Our six-year-old son is diagnosed with congenital non-familial dysautonomia. He suffers with seizures, severe GI motility issues, mild cerebral palsy, a sleep disorder, and central apnea. But that is not who he is. Jonny is our cuddle-buggin Walter boy a good 40% of the time. He is our super charged wild child marathon man the other 58% of the time. Then there is the other 2% that is like the boy next door. We don't see him often. That is why I say we are a Dysautonomic family. It is one for all and all for one around here.
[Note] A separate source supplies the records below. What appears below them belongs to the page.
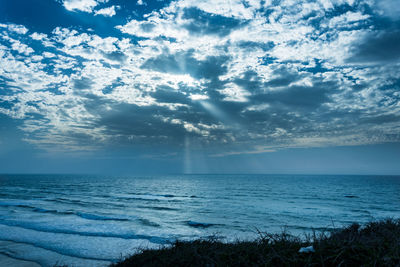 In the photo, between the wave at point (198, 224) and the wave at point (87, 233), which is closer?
the wave at point (87, 233)

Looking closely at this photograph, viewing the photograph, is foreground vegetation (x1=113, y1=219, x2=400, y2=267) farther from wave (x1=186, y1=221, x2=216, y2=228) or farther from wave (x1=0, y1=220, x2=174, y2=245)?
wave (x1=186, y1=221, x2=216, y2=228)

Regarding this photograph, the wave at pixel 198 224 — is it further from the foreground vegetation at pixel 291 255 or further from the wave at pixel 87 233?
the foreground vegetation at pixel 291 255

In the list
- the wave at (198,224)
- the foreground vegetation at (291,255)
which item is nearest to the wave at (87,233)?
the wave at (198,224)

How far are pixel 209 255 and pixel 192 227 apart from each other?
12.8 meters

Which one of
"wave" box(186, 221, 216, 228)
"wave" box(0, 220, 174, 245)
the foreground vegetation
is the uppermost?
the foreground vegetation

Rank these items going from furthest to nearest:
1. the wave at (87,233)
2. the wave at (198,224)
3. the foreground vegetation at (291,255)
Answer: the wave at (198,224) < the wave at (87,233) < the foreground vegetation at (291,255)

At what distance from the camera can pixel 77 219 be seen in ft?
63.7

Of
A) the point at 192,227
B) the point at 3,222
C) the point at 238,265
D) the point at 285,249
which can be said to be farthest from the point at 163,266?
the point at 3,222

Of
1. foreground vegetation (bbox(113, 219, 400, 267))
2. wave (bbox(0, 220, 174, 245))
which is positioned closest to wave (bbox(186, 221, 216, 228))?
wave (bbox(0, 220, 174, 245))

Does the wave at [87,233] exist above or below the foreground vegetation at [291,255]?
below

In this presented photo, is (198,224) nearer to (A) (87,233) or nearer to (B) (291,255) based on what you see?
(A) (87,233)

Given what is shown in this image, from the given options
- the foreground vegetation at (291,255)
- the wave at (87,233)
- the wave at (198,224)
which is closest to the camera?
the foreground vegetation at (291,255)

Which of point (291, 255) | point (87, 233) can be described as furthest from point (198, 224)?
point (291, 255)

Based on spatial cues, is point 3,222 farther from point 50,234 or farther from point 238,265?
point 238,265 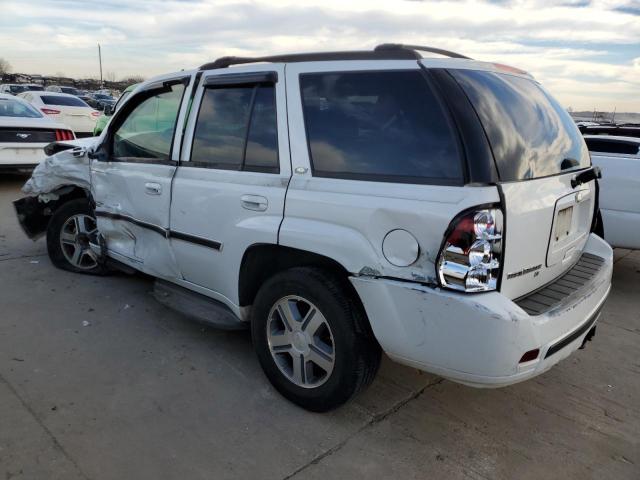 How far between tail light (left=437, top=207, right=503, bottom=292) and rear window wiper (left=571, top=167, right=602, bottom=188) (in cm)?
78

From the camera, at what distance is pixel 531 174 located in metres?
2.51

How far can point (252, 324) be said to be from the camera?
3115mm

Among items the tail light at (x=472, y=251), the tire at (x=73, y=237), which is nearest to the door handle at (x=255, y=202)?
the tail light at (x=472, y=251)

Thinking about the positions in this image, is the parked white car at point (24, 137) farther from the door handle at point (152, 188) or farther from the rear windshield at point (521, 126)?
the rear windshield at point (521, 126)

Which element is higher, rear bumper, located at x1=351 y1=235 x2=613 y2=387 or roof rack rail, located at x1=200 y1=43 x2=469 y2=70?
roof rack rail, located at x1=200 y1=43 x2=469 y2=70

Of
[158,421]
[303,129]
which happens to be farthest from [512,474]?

     The down times mean Jonny has come to the end of himself and he stops... everything. Eating, drinking, going to the bathroom, breathing (which is never convenient), and even blinking - which we all agree is kinda creepy. It is during these days that we tenderly nurture and carefully guard his sputtering life. His care involves feeding pumps, catheters, oxygen, stethoscopes, suction, and blood pressure cuffs. There is bending and rubbing, wheelchairs and walkers, coaxing and my favorite cuddling to keep warm. We diligently read to his sleeping form because it is something we can do and he might hear us. We take turns keeping him company until he decides to join in again. Three days often pass as we wait.

     Then there is that sweet spot. The hours between his waking and the crisis. It used to be days but now just hours of other families take for granted... normal. It is so fleeting that if you get too busy you would miss it altogether. We have learned to be grateful and content with what we get and in most circumstances. We have also learned not to make plans but just enjoy the moment because this too will end.

     When the moment ends, everyone changes from their slippers to their running shoes. The tell-tale signs appear. A red flushed ear, huge round eyes, the shaky hands, swollen gums, the loud voice. His blood pressure and pulse will shoot up in just hours to the point that he is no longer comfortable in the skin he is in. The marathon is on! As the hours whiz by more symptoms pile up. Vomiting, tremors, and agitation are the bad ones. We have learned some secrets to help make it to the finish line. The first of which is that none of us are truly marathon runners. We have to treat the crisis as though it is a relay race handing off his care after short bursts so we don't all get winded at once. There are comfort measures we treasure too. Like his cozy quilt, and the mailman whom he hunts for his "Nail", the eight-hour video tape that someone diligently edited so no commercials would distract him and then there is good ole Campbell's Soup. It is the only thing he will always eat.

     Jonny's crisis is intense and we try to manage his symptoms with a tangle of 12 medications. They help some-sometimes. Three days pass as we try to keep up...four, five, and then he sleeps. And we break the tape at the finish line together with the help of family and friends and our Ultimate Sustainer who is our reason for running this race well.